_SOURCE DATA_
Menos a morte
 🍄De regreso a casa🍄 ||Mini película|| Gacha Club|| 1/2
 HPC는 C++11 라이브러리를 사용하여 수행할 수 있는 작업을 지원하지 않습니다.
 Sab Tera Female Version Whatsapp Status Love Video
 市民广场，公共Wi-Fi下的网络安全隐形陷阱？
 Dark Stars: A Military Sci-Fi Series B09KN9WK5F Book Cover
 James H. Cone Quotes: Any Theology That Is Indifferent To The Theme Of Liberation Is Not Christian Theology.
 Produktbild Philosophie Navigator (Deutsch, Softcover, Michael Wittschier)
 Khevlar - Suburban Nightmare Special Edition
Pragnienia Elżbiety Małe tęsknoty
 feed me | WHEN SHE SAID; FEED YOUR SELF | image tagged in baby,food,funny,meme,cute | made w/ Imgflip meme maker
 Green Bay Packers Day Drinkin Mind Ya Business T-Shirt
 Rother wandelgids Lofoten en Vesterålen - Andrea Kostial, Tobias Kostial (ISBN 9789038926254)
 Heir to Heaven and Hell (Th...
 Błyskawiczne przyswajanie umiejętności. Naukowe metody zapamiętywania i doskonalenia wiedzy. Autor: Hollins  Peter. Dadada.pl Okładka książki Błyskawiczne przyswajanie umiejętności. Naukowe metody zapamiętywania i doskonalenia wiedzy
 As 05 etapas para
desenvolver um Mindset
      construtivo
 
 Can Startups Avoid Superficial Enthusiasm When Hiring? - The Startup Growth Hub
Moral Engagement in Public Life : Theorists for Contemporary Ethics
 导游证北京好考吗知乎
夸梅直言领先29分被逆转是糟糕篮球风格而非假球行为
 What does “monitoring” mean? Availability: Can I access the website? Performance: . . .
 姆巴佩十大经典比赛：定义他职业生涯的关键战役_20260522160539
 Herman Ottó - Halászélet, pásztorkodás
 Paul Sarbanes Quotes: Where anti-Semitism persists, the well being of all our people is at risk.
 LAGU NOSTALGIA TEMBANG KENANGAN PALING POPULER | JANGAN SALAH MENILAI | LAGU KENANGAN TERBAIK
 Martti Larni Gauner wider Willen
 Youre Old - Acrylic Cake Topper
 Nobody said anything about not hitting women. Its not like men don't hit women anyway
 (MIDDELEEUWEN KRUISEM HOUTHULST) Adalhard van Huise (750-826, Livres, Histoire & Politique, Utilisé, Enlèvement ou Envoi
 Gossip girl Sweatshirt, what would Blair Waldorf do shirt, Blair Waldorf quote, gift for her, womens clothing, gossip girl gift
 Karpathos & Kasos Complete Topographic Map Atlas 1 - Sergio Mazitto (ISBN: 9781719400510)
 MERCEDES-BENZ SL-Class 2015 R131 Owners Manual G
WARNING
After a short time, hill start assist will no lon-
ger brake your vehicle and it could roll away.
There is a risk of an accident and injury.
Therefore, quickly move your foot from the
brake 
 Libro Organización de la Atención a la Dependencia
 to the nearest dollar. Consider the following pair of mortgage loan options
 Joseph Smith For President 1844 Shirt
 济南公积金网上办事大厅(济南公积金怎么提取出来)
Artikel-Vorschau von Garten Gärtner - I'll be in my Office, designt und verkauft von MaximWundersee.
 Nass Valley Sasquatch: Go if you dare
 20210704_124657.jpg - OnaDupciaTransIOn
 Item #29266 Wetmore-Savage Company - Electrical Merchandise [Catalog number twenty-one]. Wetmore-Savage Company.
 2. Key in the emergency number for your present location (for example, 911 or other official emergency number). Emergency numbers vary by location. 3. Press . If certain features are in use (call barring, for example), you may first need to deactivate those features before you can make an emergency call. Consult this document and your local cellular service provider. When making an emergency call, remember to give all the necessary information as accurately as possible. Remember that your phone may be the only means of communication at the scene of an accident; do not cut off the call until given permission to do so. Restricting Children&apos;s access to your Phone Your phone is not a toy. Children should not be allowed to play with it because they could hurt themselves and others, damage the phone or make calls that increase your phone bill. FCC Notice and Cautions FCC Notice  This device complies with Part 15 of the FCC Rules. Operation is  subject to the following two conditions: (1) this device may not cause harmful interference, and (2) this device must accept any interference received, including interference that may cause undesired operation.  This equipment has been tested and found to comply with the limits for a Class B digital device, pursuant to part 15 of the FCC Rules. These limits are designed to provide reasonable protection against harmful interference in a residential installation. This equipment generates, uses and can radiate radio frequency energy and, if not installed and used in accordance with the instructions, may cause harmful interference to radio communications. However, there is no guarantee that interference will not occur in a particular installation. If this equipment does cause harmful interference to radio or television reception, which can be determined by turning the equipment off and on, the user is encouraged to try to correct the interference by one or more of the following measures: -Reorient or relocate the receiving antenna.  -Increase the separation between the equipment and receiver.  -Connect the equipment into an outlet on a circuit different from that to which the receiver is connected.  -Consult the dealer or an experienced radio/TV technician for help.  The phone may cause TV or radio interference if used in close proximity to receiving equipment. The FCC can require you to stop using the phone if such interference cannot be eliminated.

_EXERCISE_
Show all lines above holding the word "risk".

_TASK RESULT_
 Paul Sarbanes Quotes: Where anti-Semitism persists, the well being of all our people is at risk.
There is a risk of an accident and injury.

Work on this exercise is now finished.